Respawn.pl

Team Kinguin mocnym wejściem awansuje do zamkniętych kwalifikacji do europejskiego Minora!

Autor: Rafał Rudnicki

Team Kinguin bez większych problemów przebrnęło przez otwarte eliminacje europejskiego Minora, które z kolei prowadzą zespół do kwalifikacji zamkniętych. We wczorajszym, decydującym pojedynku polski zespół nie dał Singularity żadnych szans.

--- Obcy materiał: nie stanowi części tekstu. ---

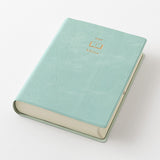 The Midori Diary Hibino 2027 is a fantastic tool for keeping track of your daily activities. This A6-sized notebook features a 2-page layout, making it easy to adapt to your unique needs. Starting in January 2027, each spread has identical left and right pages with a 2.5 mm grid, perfect for sketches and diagrams. The left page includes a 24-hour time axis, weather icons, and moon phases. It also comes with an annual calendar for an overview of the year, a 12-month future log to plan your goals month by mon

Wczoraj zostały rozegrane półfinały otwartych kwalifikacji do europejskiego Minora. Po drugiej stronie barykady w meczu z Team Kinguin stanęło Singularity. I albo rywale naszych rodaków byli kompletnie nieprzygotowani, albo to TaZ i spółka tak świetnie poprowadzili grę, że nim się obejrzeliśmy, to mogliśmy już cieszyć się z ich sukcesu. Początek to mapa Overpass i dość wyrównane pojedynki po obu stronach, jednak ostatecznie Polacy znaleźli na swojego rywala sposób, kończąc z 16:7. Być może ten sam sposób zadziałał na Nuke’u, o czym świadczy rezultat 16:1 dla ekipy MINISE’a. Singularity nie miało z “naszymi” żadnych szans.

Co teraz? Zamknięte kwalifikacje ruszają pod koniec czerwca. Tam do “puli” zespołów, którym udało się zakwalifikować (w liczbie osiem) dołączy ósemka zaproszonych. Na szczęście tyle samo ekip najlepszych ekip wyląduje potem na Minorze. Jestem zatem spora szansa, że to nie koniec walki “Pingwinów” o najważniejszy turniej w roku.

Przypomnijmy, że Minory są “pomniejszymi” turniejami z pulą 50 000$, organizowanymi w kilku regionach (Ameryce, Europie, Azji oraz CIS), mające na celu wyłonienie dwóch najlepszych zespołów (z każdego z nich), które potem zagrają na turnieju rangi Major. Tam z kolei zmierzą się ze sobą łącznie 24 ekipy, podzielone na trzy fazy – fazę pretendentów, fazę legend oraz fazę mistrzów. Na najlepszych czeka część z puli sięgającej 1 000 000$.